Dr. Linder's Blog
The patient to the right is a 26-year-old female who was looking to enhance her breast size and shape. As you can see by the pre-op photo, both breast are small in size but nicely balanced. During her consultation, she explained her desire to increase the fullness of her breast, but also wanted to look as natural as possible. After listening to her goals, we agreed to schedule a surgery date.
During her breast augmentation surgery, we selected 325 cc moderate plus saline implants. This style of implants are mid-range with a moderate width and moderate amount of projection. This implant is also excellent to use when one is looking for that natural appearance.

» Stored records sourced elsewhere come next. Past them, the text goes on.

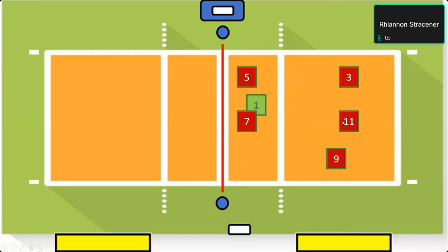One thing to look for in this specific rotation where your setter is in the middle position: do you have two players on each side of the setter? We have number 5 in the front and number 3 in the back — both on the right side of the setter. Then you have number 11 in the back and number 9, the front row player, to the left of the setter. If you have two players — one front, one back — on each side, and you've got the middle two, you're usually going to be good. That's a very easy trick to look for.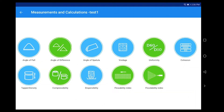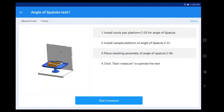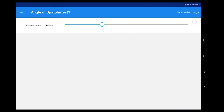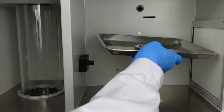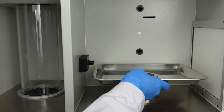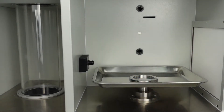For angle of spatula measurement, click 'Angle of Spatula', then click 'Options'. Set the measure times as required — normally it repeats 3 times. Install stock pan platform C03 for angle of spatula.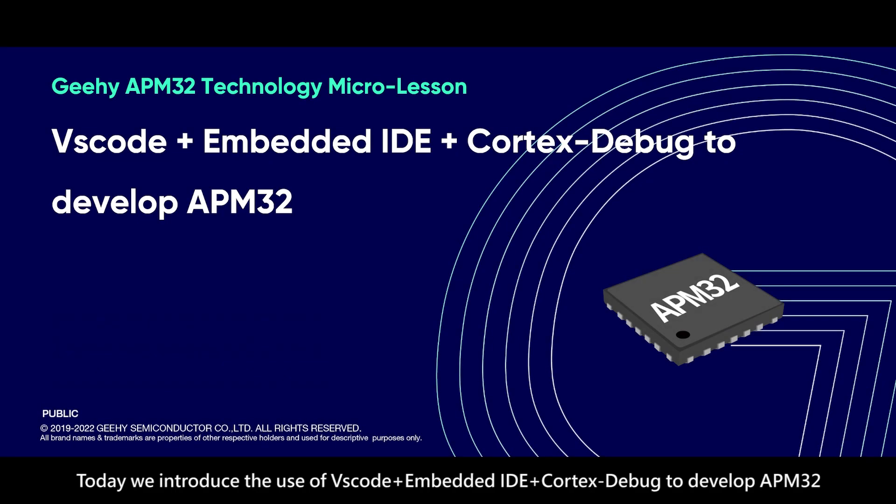Today, we introduce the use of VS Code plus Embedded IDE and Cortex Debug to develop APM32.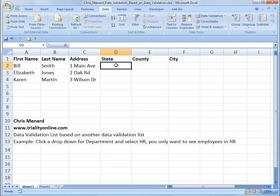Hello. This is Chris Menard. I'm going to show you how to create a data validation list and base it on another data validation list.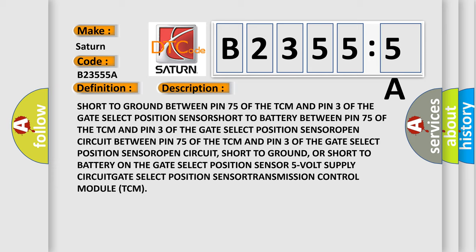Short to ground between pin 75 of the TCM and pin 3 of the gate select position sensor. Short to battery between pin 75 of the TCM and pin 3 of the gate select position sensor. Open circuit between pin 75 of the TCM and pin 3 of the gate select position sensor. Open circuit, short to ground, or short to battery on the gate select position sensor 5-volt supply circuit. Gate select position sensor, transmission control module (TCM).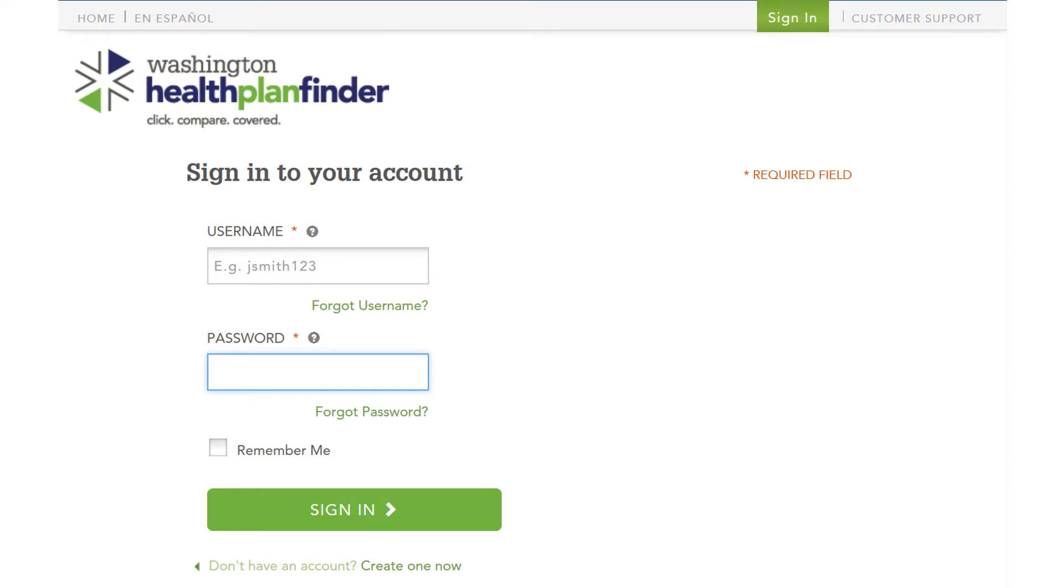And then by now, you should have already received an email from the Washington Health Plan Finder with your username.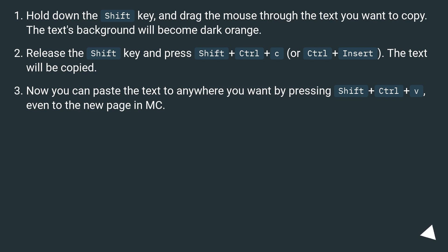Hold down the Shift key and drag the mouse through the text you want to copy. The text's background will become dark orange.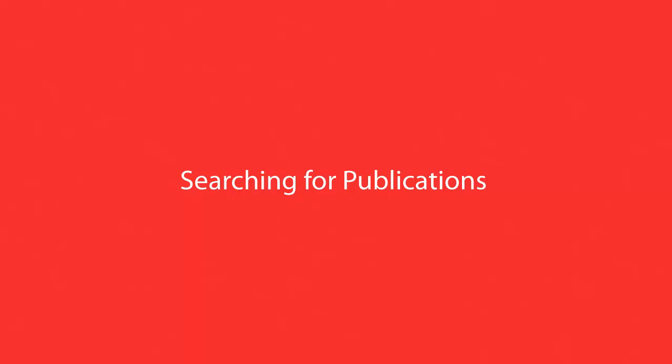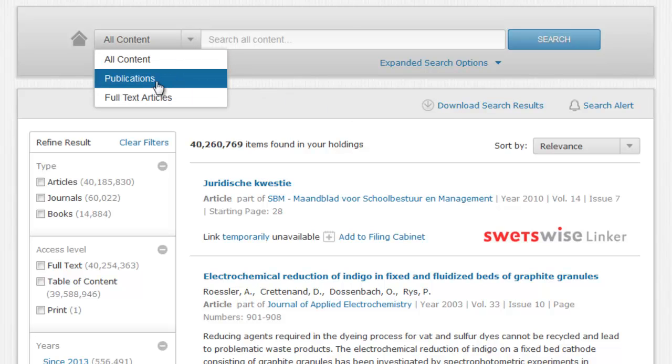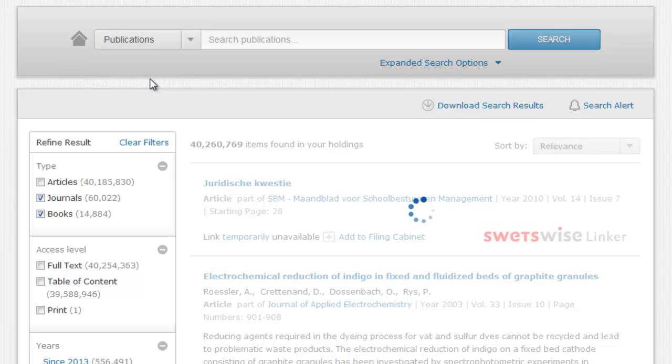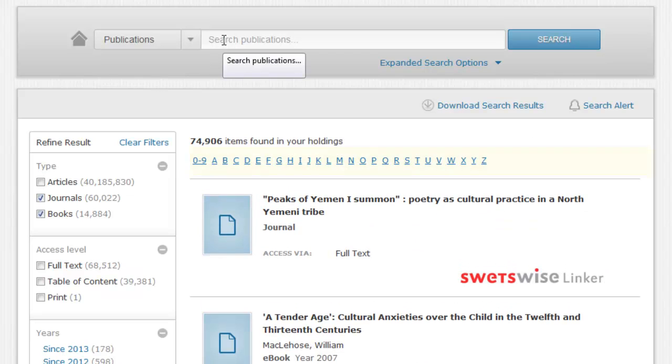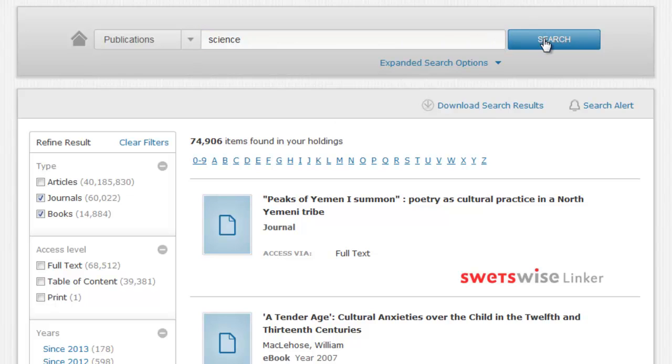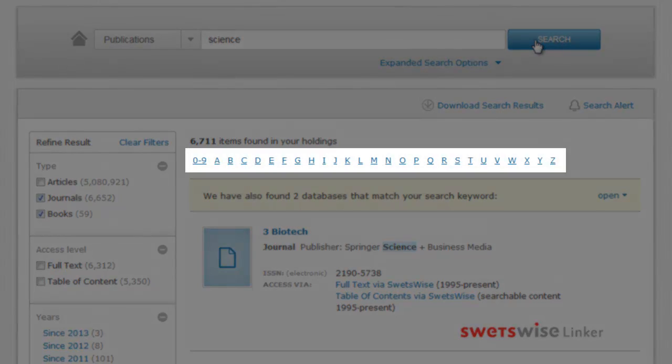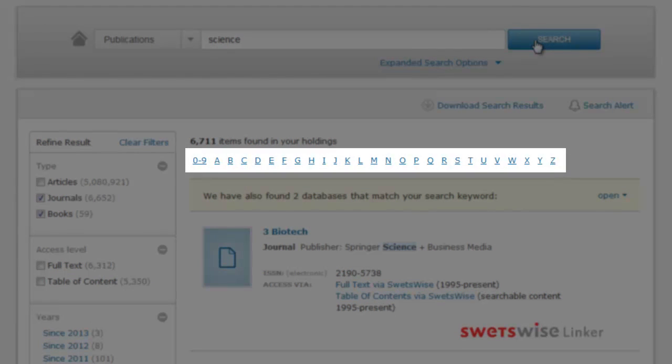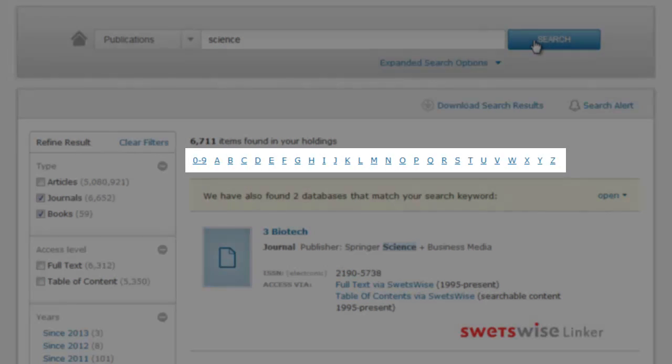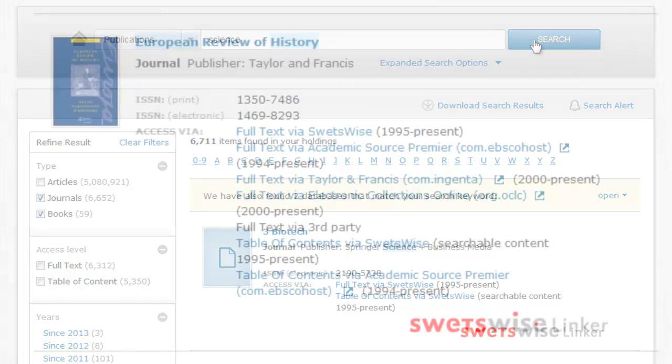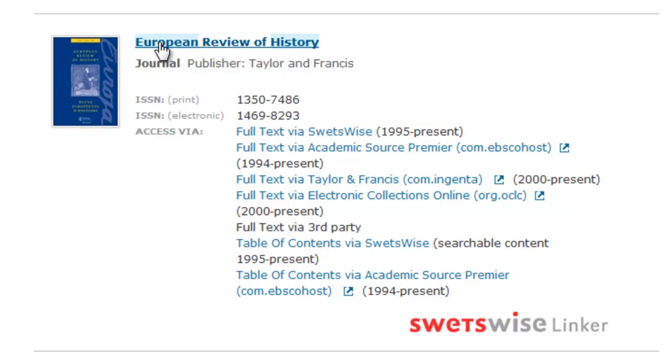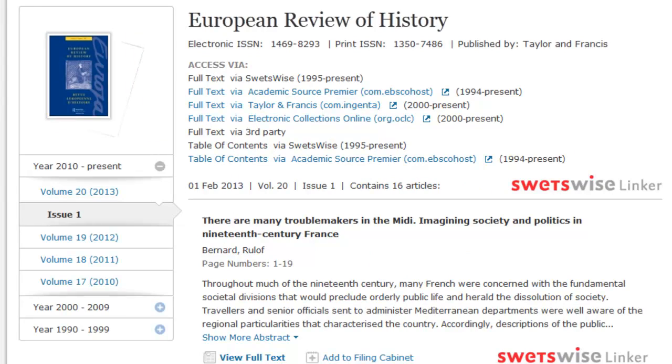Searching for publications will be a key task for most users, and Swetswise allows a few different ways of searching through your holdings. To begin with, simply select the publications option from the search profile menu, and the system will update itself to show the number of publications you are entitled to access. You can search for titles in the same way you do articles, using all of the filters and expanded search options as before, but you'll notice that we've integrated a handy A-Z listing of all your titles into the platform as well. Simply click on any of the highlighted blue letters to view the listed titles. Journals are listed in search results alongside the cover image thumbnail, if available, publication details, and access levels. You can click on the journal name to see the full publication details.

The post op photo is three months out she is very happy and she has a excellent look, very natural and balanced.
During consultation, questions often arise as to which implants will be best for the patient, silicone vs. saline. Although both implants are still available, FDA has still restricted the use of silicone gel implants to women who meet specific criteria.
In the United States, both Mentor and Inamed provide FDA approved silicone gel implants for women who meet the specific criteria. This specific inclusion criteria, according to mentor’s adjunct study, is that the patient be female, that the patient be willing to follow the study requirements and that the patient must have at least one or more of the specific indications, including 1) postmastectomy for cancer reconstruction; 2) a severe deformity which can include status post traumatic or a congenital deformity, including pectus carinatum excavatum tubular breast deformity or severe asymmetry such as in Poland syndrome, or finally breast ptosis, meaning sagginess to the breast which requires some form of mastopexy or breast lift. Final criteria can include replacement or revision from either reconstruction from breast or breast augmentation in which silicone gel implants were used previously.
There are exclusion criteria as well, which can be found on the Mentor Preoperative Patient History Record. These include the patient having any history at this time of an abscess or infection anywhere in the body. If the patient is pregnant or nursing, they are excluded from the study. If the patient has any symptoms of diagnoses of lupus or scleroderma, uncontrolled diabetes, tissue that is incapable of handling the silicone gel implant, including radiated tissue or psychological reasons.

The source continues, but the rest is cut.